Though once I lost my innocence I haven't dreamed, not one time that I can remember for atleast 10 years. I guess thats the price of being jaded.
Liod
Sep 1 2006, 04:32 PM
Oh, you still dream, even if you don't remember it. Every single night.
Alaras
Sep 2 2006, 12:57 PM
That's true, Clear, but I have observed some odd effects. I never remember my dreams, and on some nights, there are no dreams. Though I do sleep those nights, I'm still consciously aware, and trapped in several layers of contemplation, oftentimes reliving painful memories. I'm not sure if that's just a symptom of PTSD or a form of lucid dreaming, though I use the more typical lucid dreams to influence my reality or emotionally brace myself for future disappointments/turmoils.
NightVision
Sep 4 2006, 01:07 PM
If there is a sense of time having passed, then you have dreamed something even if you don't remember it. When you close your eyes at night and then immediately wake up in the morning with a sensation of just having blinked :that gets the shrinks worried.
Bright One
Sep 5 2006, 05:45 PM
There was a time when I came close, when I ventured onto the threshold of being aware that I was dreaming. In fact, the dreams are written down somewhere as I used to keep dream diaries. Sometimes I think I'm dreaming when I'm actually awake.
Silverwuulf
Sep 11 2006, 10:01 AM
I've done it with minor success. Alot of my dreams I am not aware of, and the ones that I do become lucid in, well, those are the ones with just that right mix of reality and fantasy that spark it off. I can't control much in the dreams, and the more I try to exert control over the dreamscape, the more unstable it becomes. I've turned wonderful dreams into nightmares because of this, so most of the time I try not to interfere.

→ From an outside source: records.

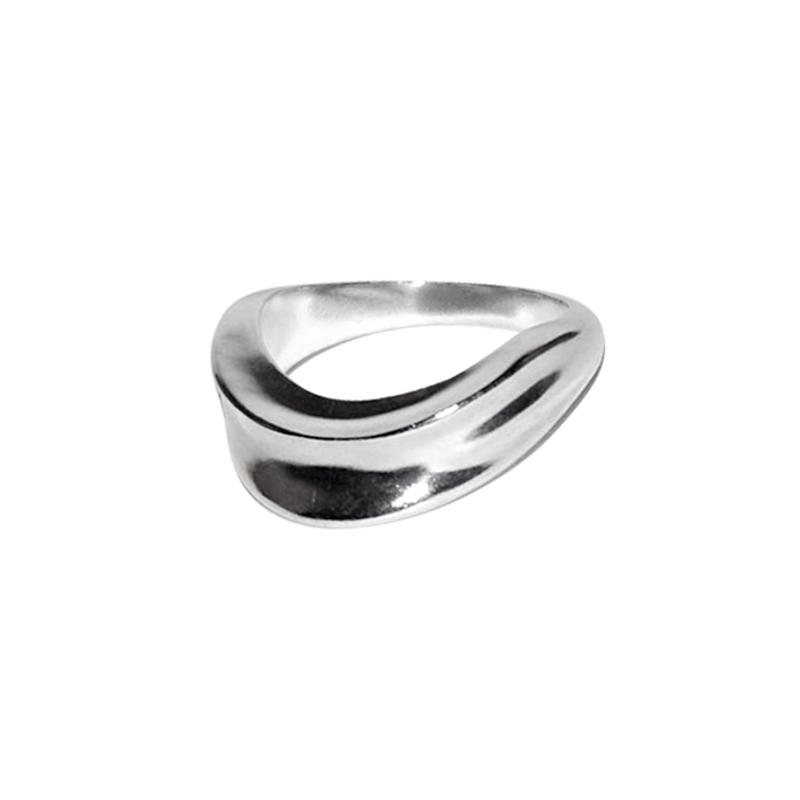 2-LAYERED FOLD RING (GLOSSY-SILVER)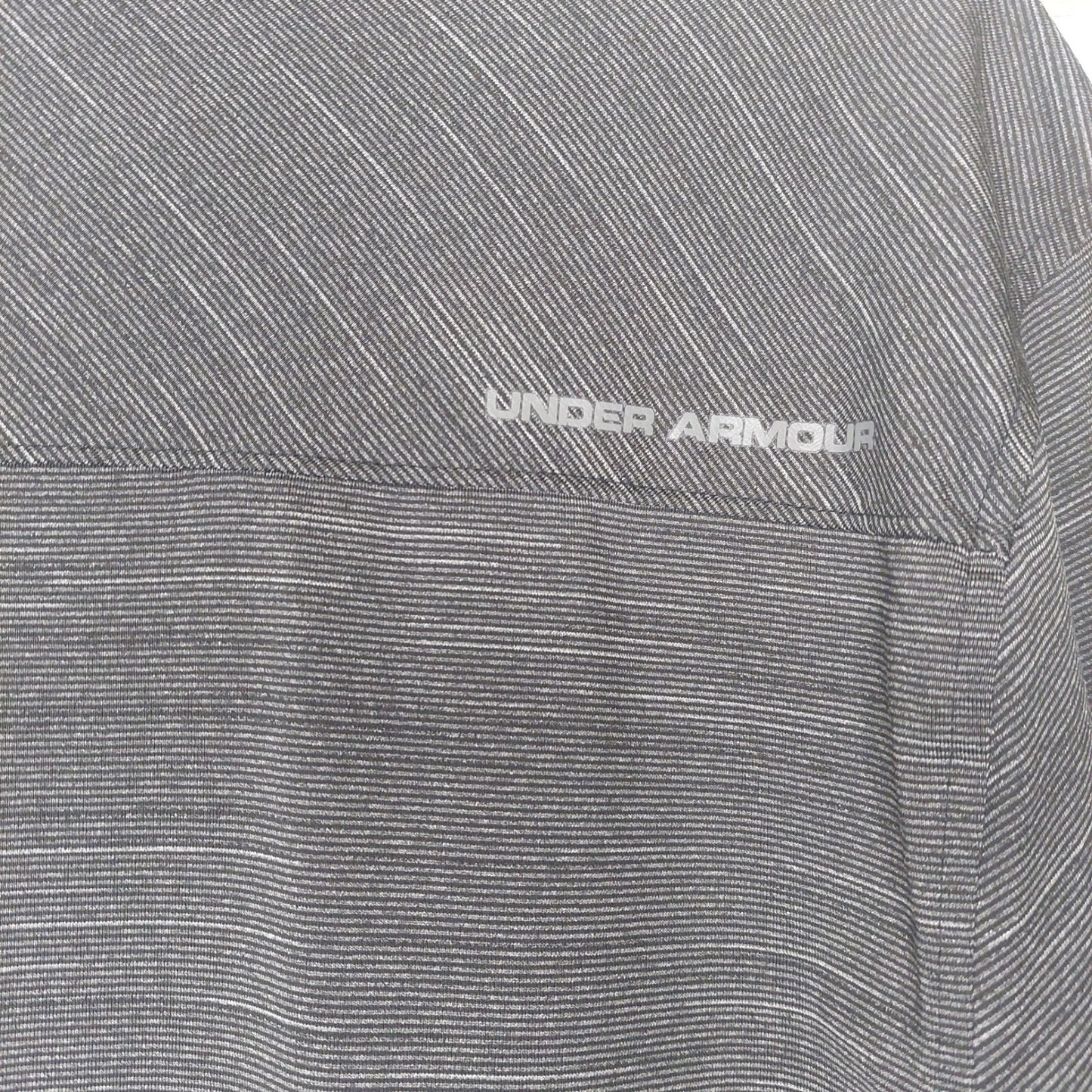 Under Armour Loose Heat Gear Polo Shirt Blk/Drk Gray Golf Casual Mens Sz Small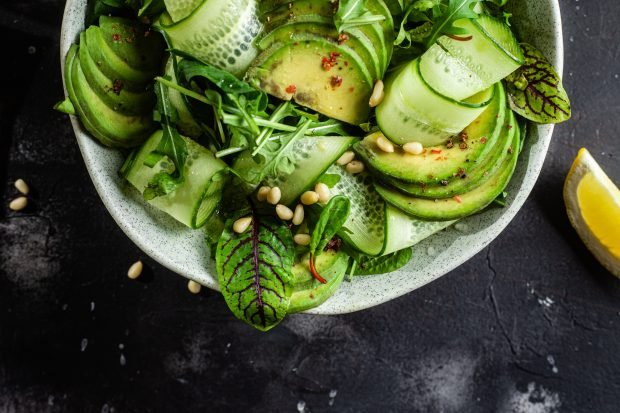 Salad with avocado and cucumber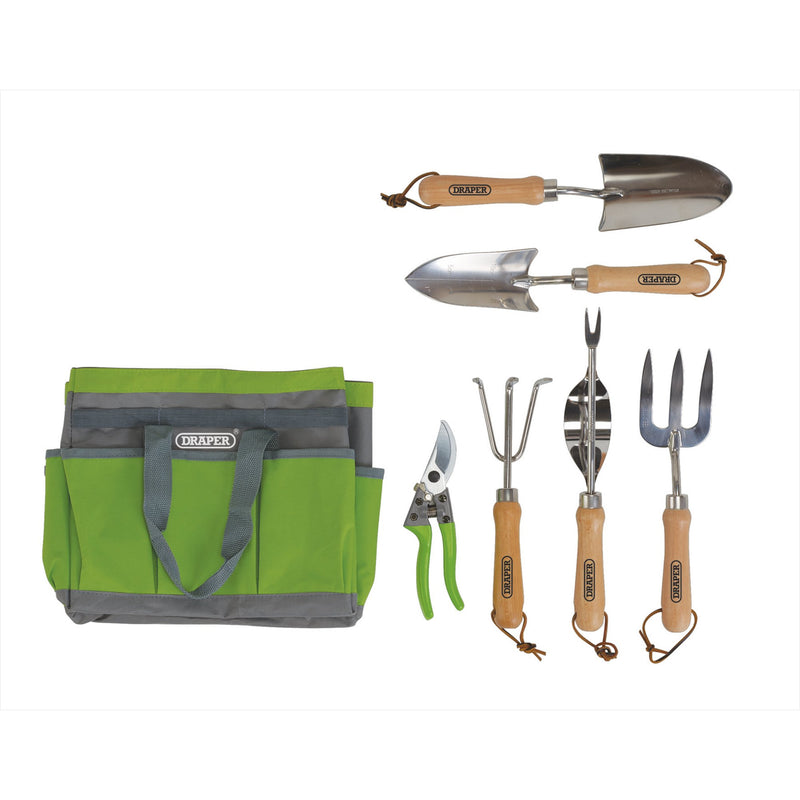 Draper 08997 Stainless Steel Garden Tool Set with Storage Bag (8 Piece)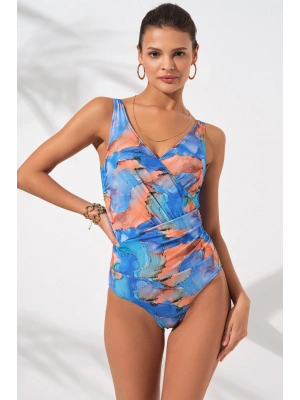 Cannes Kalın Askılı Korseli Kruvaze Mayo Marbel 231127-d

On the subject of escaping nightmares: Its an old wives tale but it does work. If ever I became lucid in a dream and wanted it to end, I would just go to sleep. The paradox forces you to lose consciousness and the dream floats back down to your subconscious. Most of the time. Ocasionally I would jerk awake because of it. And I do mean jerk awake- kinda like my spirit got slammed back into the body.
Alaras
Sep 11 2006, 11:24 PM
That's a good trick, but I usually just try to take advantage of my condition when in a lucid dream. It's a very convenient way to focus and direct mental energies to influence the world around you, since the mind is most powerful when at rest.
Silverwuulf
Sep 12 2006, 08:47 AM
have fun when you become lucid during a nightmare. Sometimes there's no amount of altering you can do to turn a nightmare into a pleasant dream. And personally, I've had enough scary shit happen in my life that if I can avoid my subconcious scaring the hell out of me, I will.
Alaras
Sep 12 2006, 04:27 PM
If I become lucid in a nightmare, I simply let the dream end. I tend to gain a great deal of control over my lucid dreaming, though not over the content of said dreams.